The Observational Partial Order of Causal Structures with Latent Variables
Marina Maciel Ansanelli, Elie Wolfe, Robert W. Spekkens
TL;DR
This work introduces the observational partial order on causal structures with latent variables, focusing on how observational distributions over visible variables distinguish competing structures. It provides a complete characterization for the partial order among 3-node mDAGs and a partial solution for 4-node cases, using a toolkit of dominance/nondominance rules (including HLP Edge-Adding and progressive Facet-Merging) and the analysis of inequality constraints. A key finding is that nonalgebraic (inequality-constraint) causal structures are increasingly ubiquitous as the number of visible variables grows, implying widespread potential quantum-classical gaps and signaling the inadequacy of CI-only methods for causal discovery in larger graphs. The results underscore the importance of inequality and nested Markov constraints for effective causal discovery and model selection, and they provide a foundation for identifying which observational equivalence classes are uniquely identifiable from data. The work also connects to quantum causality by highlighting when classical models can be decisively ruled out without fine-tuning, based on inequality constraints.
Abstract
For two causal structures with the same set of visible variables, one is said to observationally dominate the other if the set of distributions over the visible variables realizable by the first contains the set of distributions over the visible variables realizable by the second. Knowing such dominance relations is useful for adjudicating between these structures given observational data. We here consider the problem of determining the partial order of equivalence classes of causal structures with latent variables relative to observational dominance. We provide a complete characterization of the dominance order in the case of three visible variables, and a partial characterization in the case of four visible variables.

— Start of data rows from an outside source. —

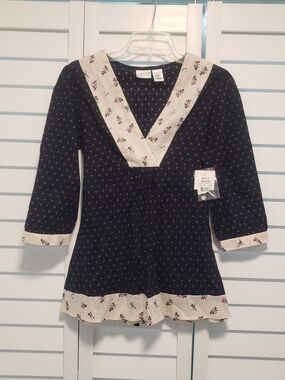 Navy Polka Dot Tunic with Cream Floral Trim
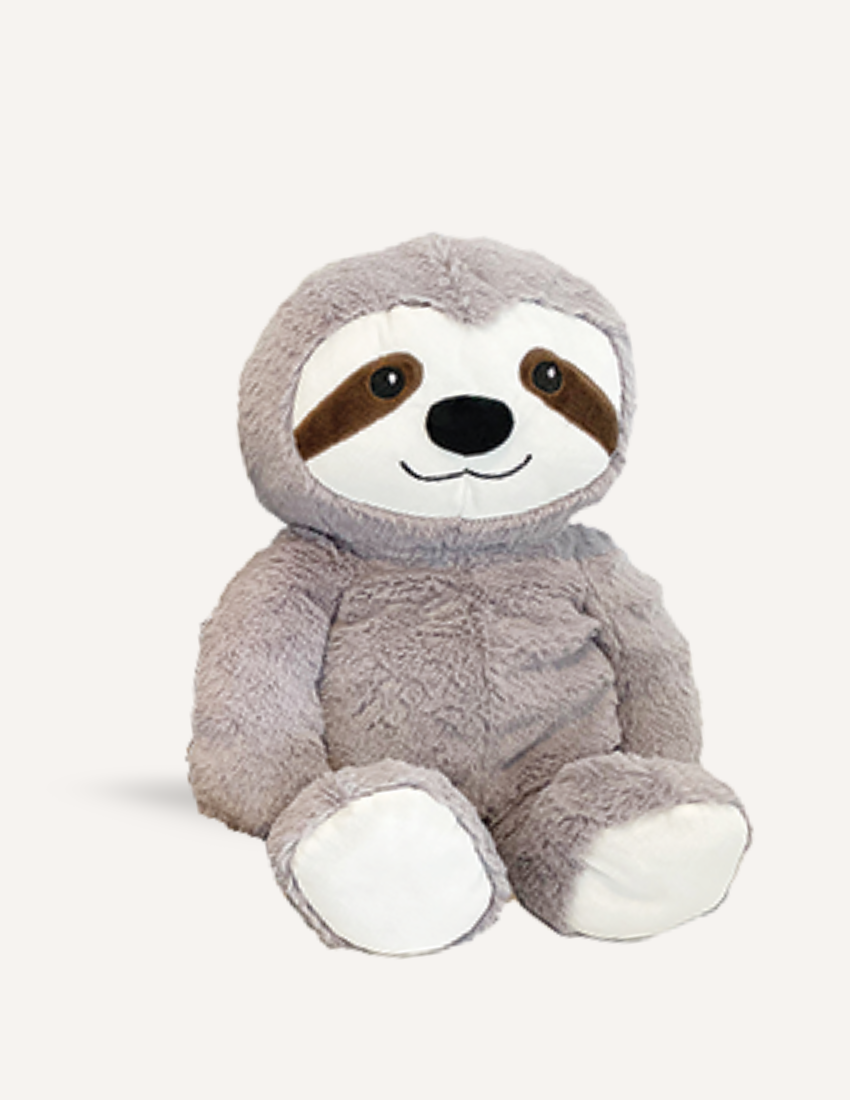 Introducing the Elizabeth Richards Weighted Sloth Toy: This adorable plush sloth showcases a cheerful expression, with distinctive brown and white facial markings. Its body is made of soft, light gray fabric complemented by white paws. Designed to sit upright against a plain off-white background, this comforting companion provides sensory regulation to promote emotional stability.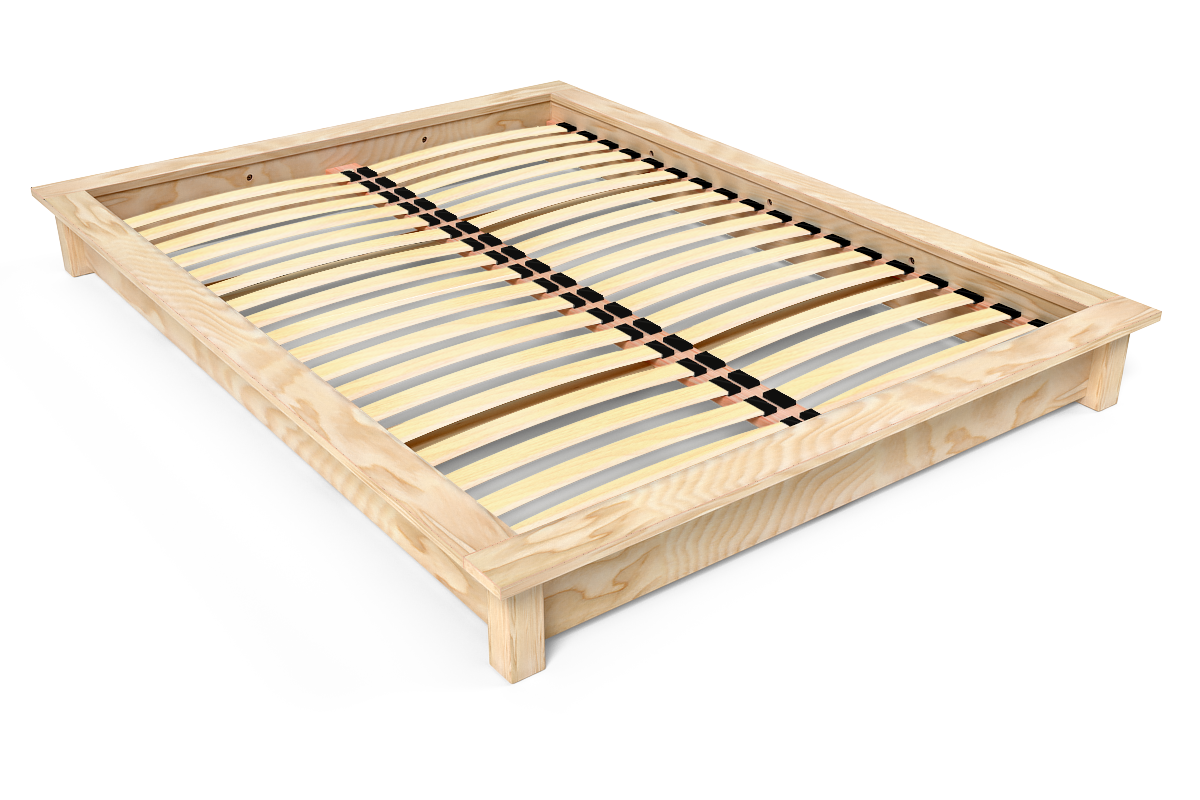 Lit futon Solido 160x200 en bois massif - Brut (sans vernis)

Our techniques also help to identify which observational equivalence classes have a set of realizable distributions that is characterized by nontrivial inequality constraints, analogous to Bell inequalities and instrumental inequalities. We find evidence that as one increases the number of visible variables, the equivalence classes satisfying nontrivial inequality constraints become ubiquitous. (Because such classes are the ones for which there can be a difference in the distributions that are quantumly and classically realizable, this implies that the potential for quantum-classical gaps is also ubiquitous.) Furthermore, we find evidence that constraint-based causal discovery algorithms that rely solely on conditional independence constraints have a significantly weaker distinguishing power among observational equivalence classes than algorithms that go beyond these (i.e., algorithms that also leverage nested Markov constraints and inequality constraints).